A tetrahedron with face area $F$ and altitude (to that face) $a$ has volume $\frac{1}{3}a F$.
Now, consider a sub-tetrahedron determined by a given face, with fourth vertex at the center of the inscribed sphere. Because the sphere is tangent to the face, the altitude to that face is a radius, say, of length $r$. If the big tetrahedron is regular (with face area $F$ and altitude $a$), then the four sub-tetrahedra are congruent, with volume $\frac{1}{3}r F$.
Together, the sub-tetrahedra fill the big tetrahedron, so the four sub-volumes add up to the big volume:
$4 \cdot \frac{1}{3} r F = \frac{1}{3} a F$
so that $4 r = a$. You're given that $a=36$; consequently, $r = 36/4 = 9$.

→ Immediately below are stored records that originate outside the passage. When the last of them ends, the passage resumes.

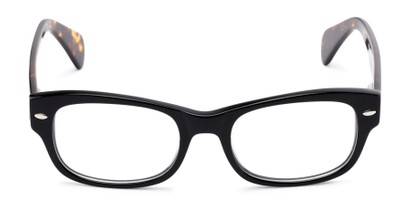 Front of The Parker Customizable Reader in Black and Tortoise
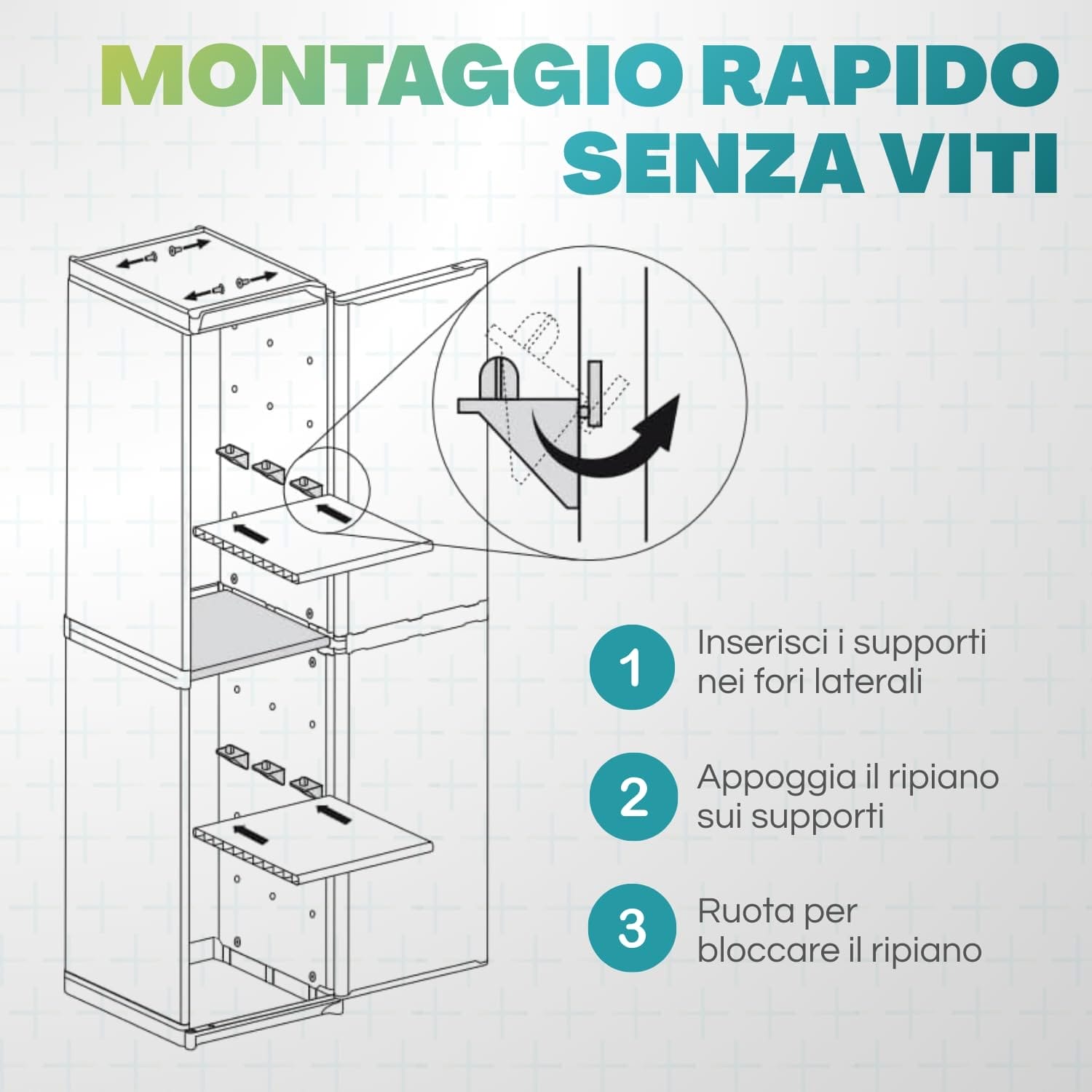 Montaggio armadio in plastica senza viti, sistema ripiani regolabili con supporti laterali
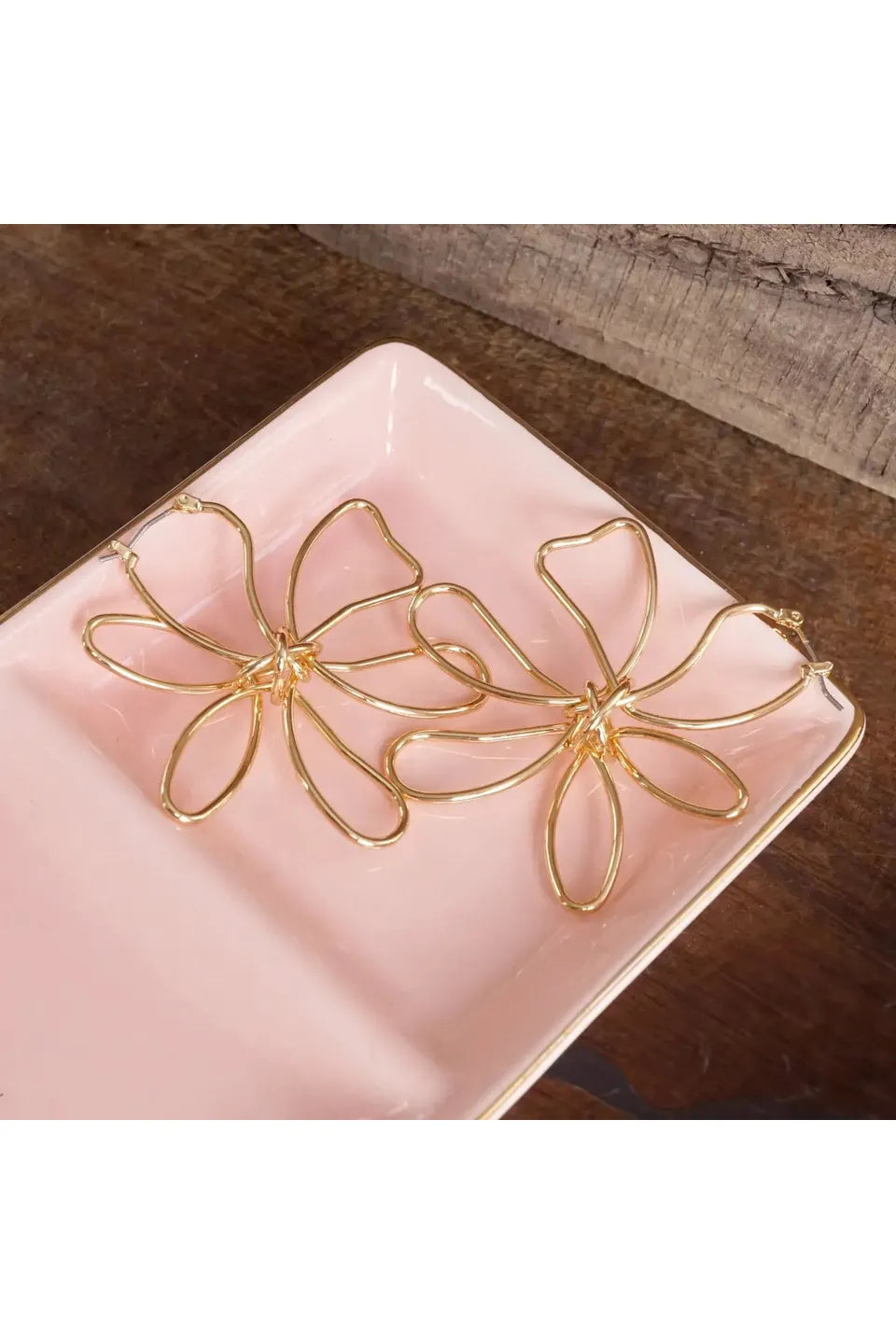 Flower Wire Bold Statement Earrings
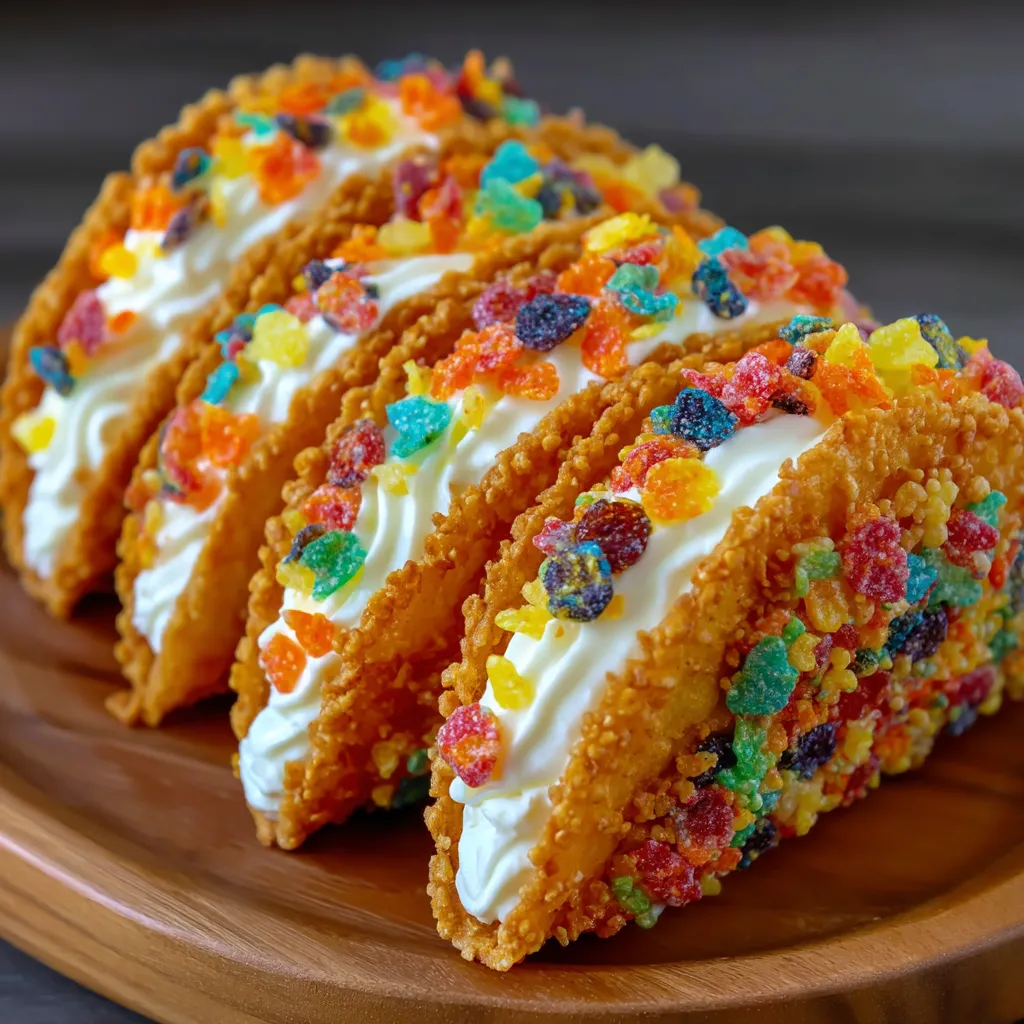 A plate of Fruity Pebbles Cheesecake Tacos.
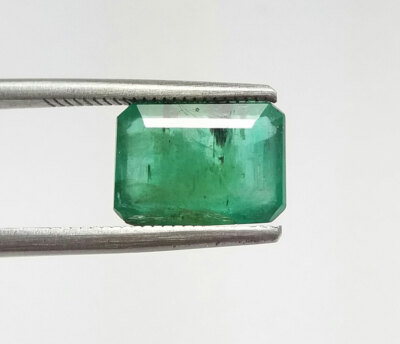 3.48 Ct Natural Rich Green Zambia Emerald Finest Quality Emerald Cut Earth Mined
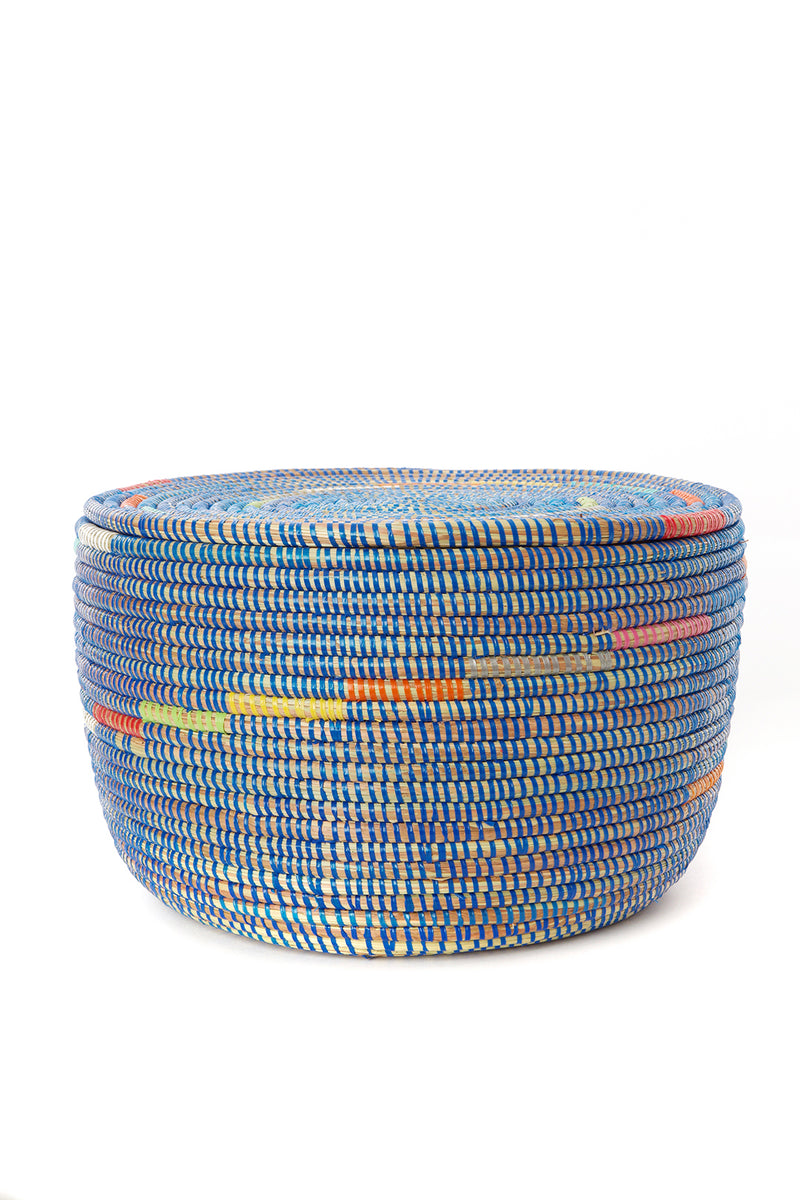 Blue Flat Top Storage Basket with Colorful Spiral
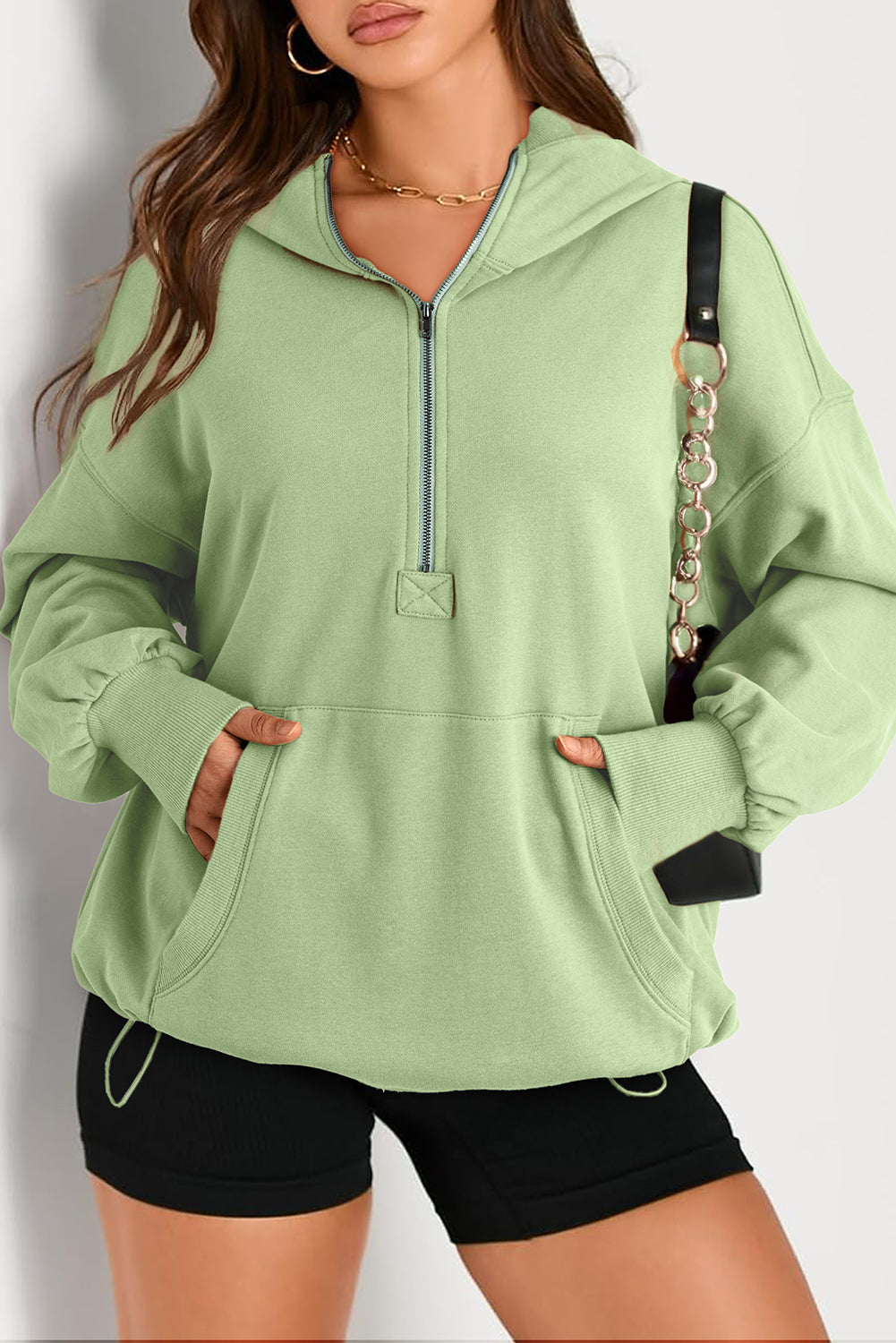 Bonbon Kangaroo Pocket Half Zipper Oversized Hoodie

Note. Regular or not, the basic argument shows that the volume ($V$) of a tetrahedron is determined by its inradius ($r$) and its total surface area ($S$):
$V = \frac{1}{3} r S$
This is analogous to the fact that the area ($A$) of a triangle is given by the inradius ($r$) and its perimeter ($p$):
$A = \frac{1}{2}r p$
The pattern continues into $d$-dimensional space, with the multiplied constant being $\frac{1}{d}$.